WATCH: Heavy flooding in North Attleboro (Story continues below.)
North Attleboro town officials have since teamed up with the Red Cross to distribute clean-up kits Tuesday evening, all of which have been claimed. They also allowed residents to fill sandbags at the distribution site.
Crews say Old Post Road from Maple to Mount Hope Streets is still closed at this time.
Officials added that 120 firefighters came to town from more than 20 surrounding communities to help with the cleanup efforts.
Gov. Maura Healey toured some of the damage in the community on Tuesday.
Town officials said it was the second time they saw 10 inches of rain in a 72-hour span, which lead to several reports of flooding roads and homes.
The flooding was so bad in spots that an emergency operations center (EOC) was activated by Fire Chief Christopher Coleman for residents in need at North Attleboro Middle School.
A state of emergency was declared by town officials and representatives from the Massachusetts Emergency Management Agency (MEMA) then responded to the EOC.
Residents of Old Post Road were seen pumping water out of their basements to save their homes. A culvert on that road crumbled, forcing part of the street to close.
“It was like rapids coming up over the edge of the wall,” said Jennifer Sunday, who lives nearby. “People were still trying to drive through it—so they would, and then their cars would stall out.”
“‘Turn around, don’t drown’ is a key phrase,” Coleman added. “If you see flooded waters, do not drive through it. Your car is not going to make it and then it’s just going to require you to be rescued by the fire department.”
WATCH: School bus drives through flooded road in Attleboro (Story continues below.)
Coleman said that in his 26 years with the department, this was one of the most intense storms he’s ever seen.
Sunday said she spent Tuesday picking up license plates from those stalled cars, though her home was not spared from Mother Nature’s force.

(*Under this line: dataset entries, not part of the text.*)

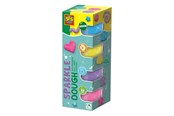 Creatief spelen - SES Creative Feel Good Clay - Sparkle 4x90gr - 00515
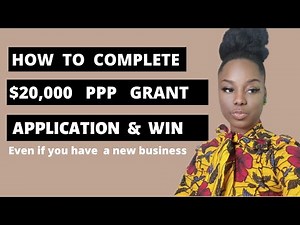 How to Win the PPP Forgiveable Loan in 6 Easy Steps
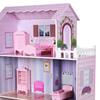 Imagen de Casa Muñecas Madera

Healey said she has reached out to the Biden administration and members of the congressional delegation for help.
“My deepest sympathies to folks who have been devastated by this flooding,” Healey said. “I’m here for a reason—because I want to make sure we are operational and doing all we can working with local state and federal officials and partners to bring relief to residents in communities.”